現代人の多くが悩まされている抑うつ症状・神経症などは、感情の発露が必要以上に押さえ込まれていることが原因のような気がする。今の子供達がなんか生き生きしていない、弱々しい感じに見えるのも同じ要因が根っこにあるのではないか。教育相談員として、日々不登校の子供達とかかわっているが、そのときの感情を素直に出せるようになると、子供達は驚くほど変わる。親や学級担任に懇願されたり説得されたりして、その圧力に抵抗しきれずイヤイヤわたしの元にやってきた子供達は、青白く無表情で目の中には何の感情も読み取れない。それでも「もしかしたら何とかなるかもしれない」という一縷の希(のぞみ)もかすかに抱いているということは後で分かる。この子供達を前にしてわたしに出来ることといえば、第一にはわたしが穏やかで明るい気分を保ち続けること。子供達の気分がほぐれてきたら、相手が思わず笑いたくなるような状況を提供し続ける。ここで、無表情の顔が少し崩れたり、ニヤリとしたり、プッと吹き出したりするとわたしとの関係が大きく前進し始める。子供達の感情表現も少しずつ多彩になってくる。こうなると子供達は、かなり生き生きし始め活動的になってくる。こんな経験を何度かして、感情と生命力・行動力の相関関係がとても高いことを発見した。

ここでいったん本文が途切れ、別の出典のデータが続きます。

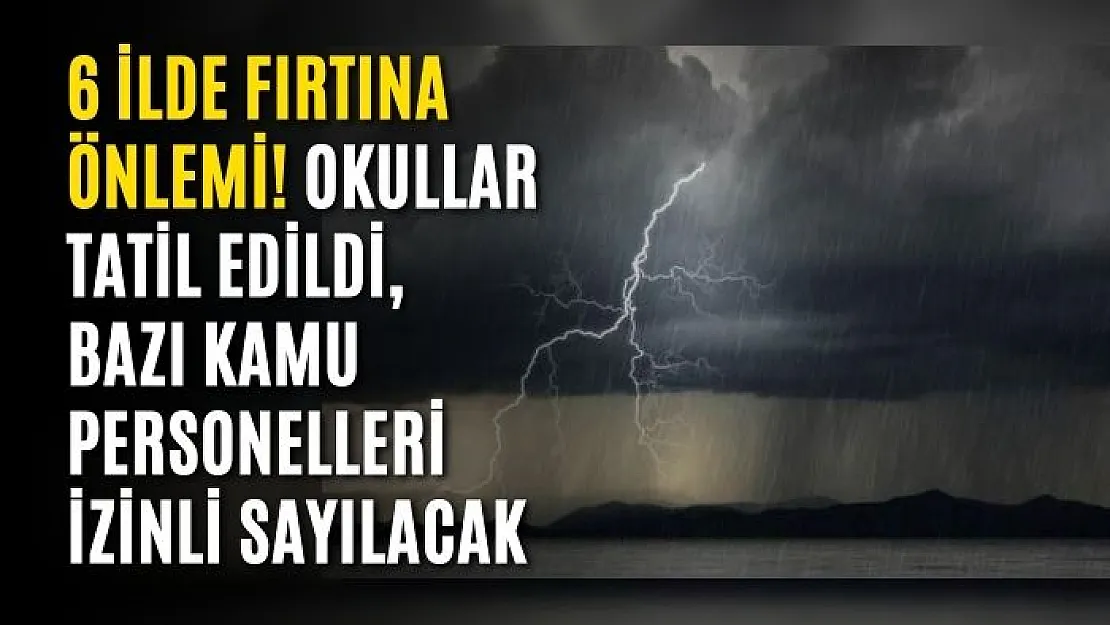 6 ilde fırtına önlemi! Okullar tatil edildi, bazı kamu personelleri izinli sayılacak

  表題の「抱っこ法は、すぐ効く、あとで効く」は「抱っこ法」を子供達に何回かやってみたことと、自分自身の「再評価カウンセリング」の体験から感じたことだ。「抱っこ法」の最中に、今まで一言も発しなかった子供が「おかあさん」と叫んでみたり、終わった後にさっぱりした表情になって、生き生きと遊び始めるのは誰もが認めるところだ。これが「すぐ効く」の部分である。わが子の「抱っこ法」と自分の「再評価カウンセリング」の体験から、セッションが終わってからしばらくして、例えば1ヵ月後とか、3ヵ月後とか、半年後とかに「あ、この子変わったな」「私、この頃変わったなあ」と感じる事が何回かあって「そうか、抱っこ法は後でじわじわ効いてくる作用もあるんだな」と気付かされた。

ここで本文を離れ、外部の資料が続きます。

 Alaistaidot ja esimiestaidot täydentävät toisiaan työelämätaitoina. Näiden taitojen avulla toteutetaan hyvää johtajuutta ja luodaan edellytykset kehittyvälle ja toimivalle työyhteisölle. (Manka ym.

  「泣く」ことによって、凍りついていた地下の感情の水脈が流れ出し、じわじわとその人の無意識を潤し、生命力を芽吹かせる、そんな感じである。このことを感じてから、わたしは「この抱っこ法と息長く付き合って行こう」と思った。
第四章 未来第四章:未来
「抱っこ法」と出会ったとき5歳だった息子も23歳になった。相変わらず「ちょっと変」だけど、少しづつ「普通」の状態に近づいてきているように思う。幼児期のわたしのかかわりのまずさから、彼が心の内側に抱え込んでいる問題(人間不信・おびえ・無気力…)は、もちろんまだまだ解決されていない。自分が作り出した問題なのに、自分で解決できないという無力感と焦燥感はあるが、一方では「抱っこ法」と「再評価カウンセリング」があるさというよりどころも感じる。彼がこの二つと良い出合いができるかどうかはまだ不確実だが、わたしも何かの形でサポートしたい。

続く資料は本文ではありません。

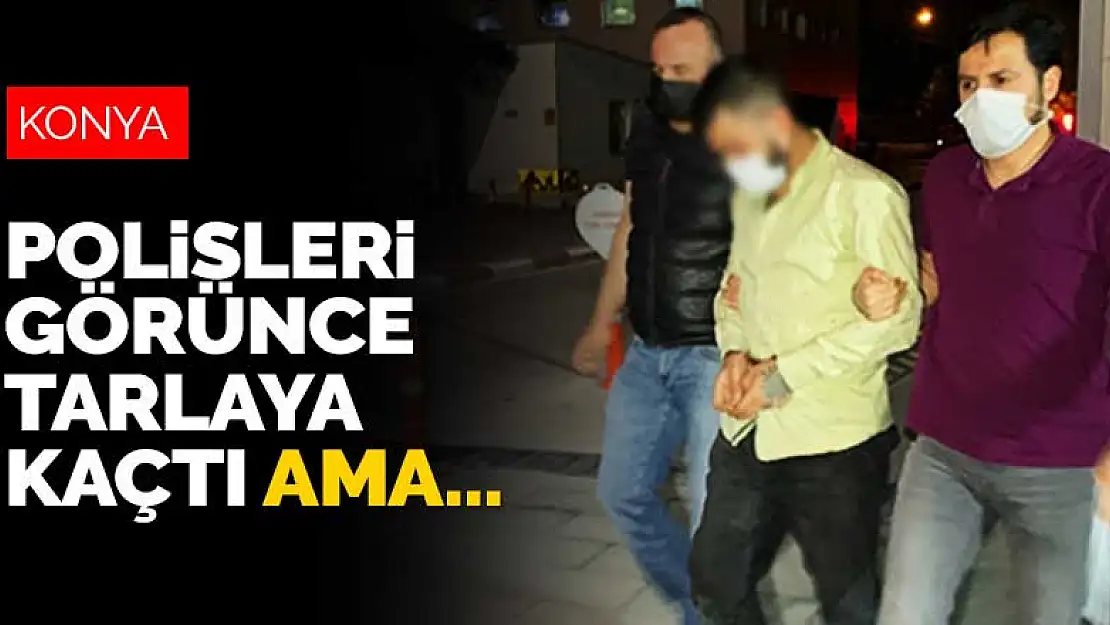 Konya'da 8 ayrı suçtan aranan hırsızlık şüphelisi polisleri görünce tarlaya kaçtı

  もう一つは世に中(特に日本の社会)が、感情のもつ意味の大きさをもっと理解し、お互いの気持ちをしっかり受け止めあえるようになることを夢見ている。アメノウズメノミコトの御世から、日本人は感情の発露に対して、とてもおおらかな国民性を持っていたように思う。その国民性を再び取り戻し「今日はいっぱい泣けてよかったね。明日から、また元気になれるぞ。」そんな会話を日常交わしながら、大人同士でも大いに泣き、大いに笑いあえる日が来て欲しい。カラオケボックスのような「泣き部屋」「笑い部屋」「励まし部屋」なんかが作られて「よし、今日はいっちょ泣いていくか」なんていうのもおもしろい。そのためにこの「抱っこ法」の考えが、少しでも多くの人に受け入れられるように自分なりに活動して行きたい。「息子の為に」と思って始めた「抱っこ法」が、わたしをも救ってくれたのだから。

「抱っこ法」を体験してみたママの感想

「抱っこ」をやって良かったこと(y・tさん)
◆抱っこの時だけでも子どもとくっついている時間がもてる。
◆子どもがどれくらい怒っていたのか辛っかたのか、子どもを見て気持ちを感じることが出来る。
◆普段は口達者な我が子とケンカなんかしていても、本当に我が子がどんなに大好きだったかを思い出させてくれる。
◆ギューっていつまでも抱っこしていたい気持ちになれる。
◆これまで感じたことのない不思議な気持ちになれるから私は抱っこ法に出会えて良かったです。
でも・・・力が弱い赤ちゃんを「抱っこ法」で抱っこするにはまだ心が痛いです。
可哀想になってしまいます。
「抱っこ」をしてみて気付いたこと(k・sさん)
◆子どもが「ヤダ」と言うのは、本当は「抱っこして欲しいという気持ちがある」というのが「抱っこ法」をやってみて初めて分かりました。
◆自分が子どもに嫌われていると思っていたが、そうではなかったことが嬉しかった。
◆どんなに暴れても「絶対離さない」と抱っこし続けたら心が通じ合った感じがして幸せな気持ちになれた。